* EXERCISE DIRECTIONS *
Retype the material that follows exactly, limited to the lines from the one with "Gridlock Stabilizer utilizing" through the one with "Chestnut easter day", and keep out all pictures.

* GIVEN RECORDS *
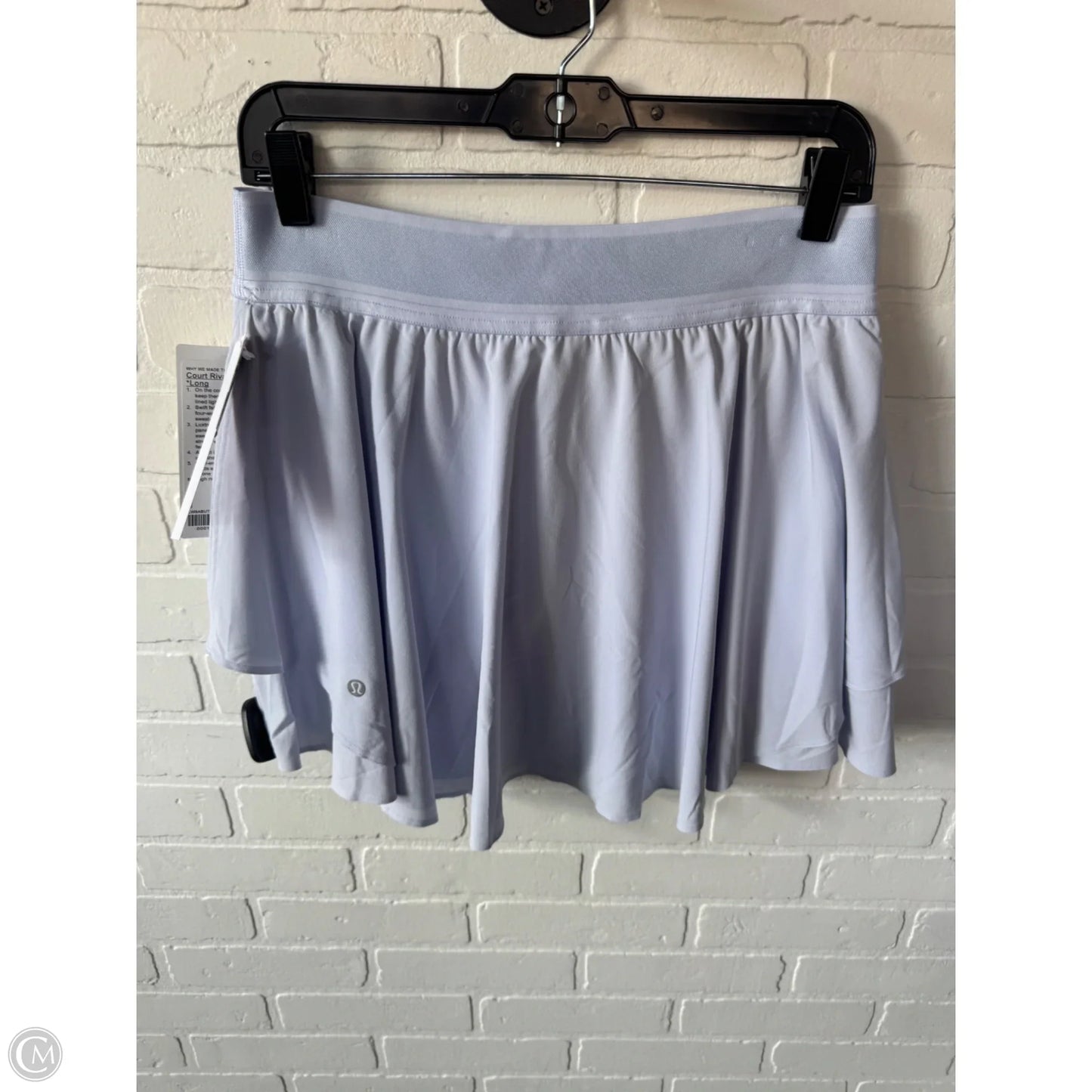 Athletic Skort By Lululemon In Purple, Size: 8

--

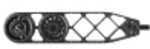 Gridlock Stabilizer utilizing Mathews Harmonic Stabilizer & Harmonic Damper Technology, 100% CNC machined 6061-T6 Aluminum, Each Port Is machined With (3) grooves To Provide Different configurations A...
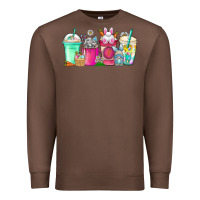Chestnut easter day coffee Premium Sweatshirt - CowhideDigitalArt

* COMPLETED TASK *
 Gridlock Stabilizer utilizing Mathews Harmonic Stabilizer & Harmonic Damper Technology, 100% CNC machined 6061-T6 Aluminum, Each Port Is machined With (3) grooves To Provide Different configurations A...
Chestnut easter day coffee Premium Sweatshirt - CowhideDigitalArt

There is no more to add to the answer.